I have purchased the 16 Meade Dob (Starfinder?) in 1999 but when we moved to Australia there was no room in the container to bring it with in its original (bulky) format. So I disassembled it and just kept the essentials to be used at a later stage for a future project. I also had a 9.25 Ultima which was de-forked to put on an AVX mount. The Ultimas mount is equipped with the well-known Byers precision worm gear and has a good slip clutch. I initially planned to remove the Byers gear from the Ultima mount to build a lightweight Dobsonian. However, after a lot of deliberation I decided to follow a completely different route with the conversion.
The project is still a work in progress and as will be evident in many of the photos the job is far from complete.
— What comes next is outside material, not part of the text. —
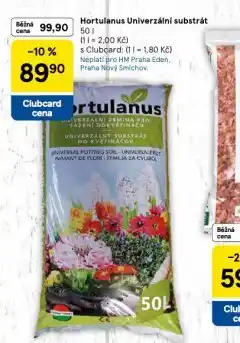 Tesco Hortulanus univerzální substrát nabídka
I first wanted to prove to myself that the different approach is workable and I think I have achieved that. I have been through many iterations and with my crude skills and poor quality tools it is going to take some effort to get it in a much better shape. The initial aims that I had in mind with this project was to build:
- a telescope with goto and tracking capability by using Onstep as control system
- a telescope that would be easy to setup or pack up and take up minimum storage and transport space
- a telescope that will be used for EAA purposes only by using a CMOS camera mounted at prime focus position (this means there is no need for a secondary mirror or a secondary cage)
- a telescope that can easily be moved around (up/down stairs for instance)
- a telescope without a viewfinder by using plate solving with the goto capability of the mount
- a telescope with an automated focuser and rotator/de-rotator (so that there is no need to touch the telescope after initial setup and alignment)
The current state of the project is depicted in the first photo. What follows is a basic desciption of the conversion.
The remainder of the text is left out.